A biological neuron consists of a body with a diameter of 3 to 100 microns, containing the nucleus (with a large number of nuclear pores) and other organelles (including a highly developed rough EPR with active ribosomes, the Golgi apparatus), and processes. Allocate two types of shoots. The axon is usually a long process adapted to conduct excitation from the body of a neuron. Dendrites - as a rule, short and highly branched processes, which serve as the main site of formation of excitatory and inhibitory synapses affecting a neuron (different neurons have a different ratio of the length of the axon and dendrites). A neuron can have several dendrites and usually only one axon. One neuron can have connections with 20 thousand other neurons. The human cerebral cortex contains 10–20 billion neurons.

The history of development

A mathematical model of an artificial neuron was proposed by W. McCulloch and W. Pitts along with a network model consisting of these neurons. The authors showed that the network on such elements can perform numerical and logical operations ^[4] . In practice, the network was implemented by Frank Rosenblatt in 1958 as a computer program, and later as an electronic device - a perceptron. Initially, a neuron could operate only with signals of a logical zero and a logical unit ^[5] , since it was built on the basis of a biological prototype, which can exist only in two states - excited or unexcited.

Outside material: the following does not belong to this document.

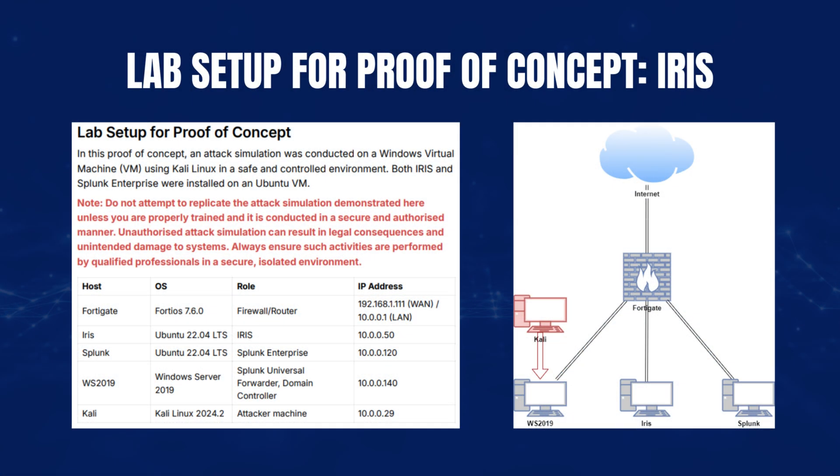In this proof of concept, an attack simulation was conducted on a Windows VM using Kali Linux in a safe and controlled environment. Both IRIS and Splunk Enterprise were installed on an Ubuntu VM.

The development of neural networks has shown that in order to expand their field of application, it is necessary that the neuron can work not only with binary signals, but also with continuous (analog) signals. Such a generalization of the neuron model was made by Widrow and Hoff ^[6] , who proposed using the logistic curve as a function of the neuron triggering.

Connections between artificial neurons

Connections by which the output signals of some neurons arrive at the inputs of others are often called synapses, by analogy with the connections between biological neurons. Each connection is characterized by its weight . Connections with a positive weight are called excitatory , and those with a negative weight are called inhibitory ^[7] . A neuron has one way out, often called an axon, by analogy with a biological prototype. With a single output of the neuron, the signal can be sent to an arbitrary number of inputs of other neurons.

Mathematical model

Mathematically, a neuron is a weighted adder, the only output of which is determined through its inputs and the weights matrix as follows:

where

Here Artificial neuron and - respectively, the signals at the inputs of the neuron and the weight of the inputs, the function u is called an induced local field, and f (u) is the transfer function. Possible values of signals at the inputs of the neuron are considered to be given in the interval Artificial neuron . They can be either discrete (0 or 1) or analog. Additional entrance and its corresponding weight are used to initialize a neuron ^[8] . By initialization is meant the offset of the activation function of the neuron along the horizontal axis, that is, the formation of the threshold of sensitivity of the neuron ^[5] . In addition, sometimes a random variable, called a shift, is intentionally added to the output of the neuron. The shift can be considered as a signal at an additional, always loaded, synapse.

Neuron transfer function

Transmission function Artificial neuron determines the dependence of the signal at the output of the neuron on the weighted sum of the signals at its inputs. In most cases, it is monotonously increasing and has a range of values. or However, there are exceptions. Also, for some network learning algorithms, it is necessary that it be continuously differentiable across the whole numerical axis ^[8] . An artificial neuron is completely characterized by its transfer function. The use of various transfer functions allows non-linearity to be introduced into the work of a neuron and the whole neural network.

Neuron classification

Basically, neurons are classified based on their position in the network topology. Share:

Input neurons - take the source vector encoding the input signal. As a rule, these neurons do not perform computational operations, but simply transmit the received input signal to the output, possibly strengthening or weakening it;
Output neurons - are the outputs of the network. In the output neurons, some computational operations can be performed;
Intermediate neurons - perform basic computational operations ^[9] .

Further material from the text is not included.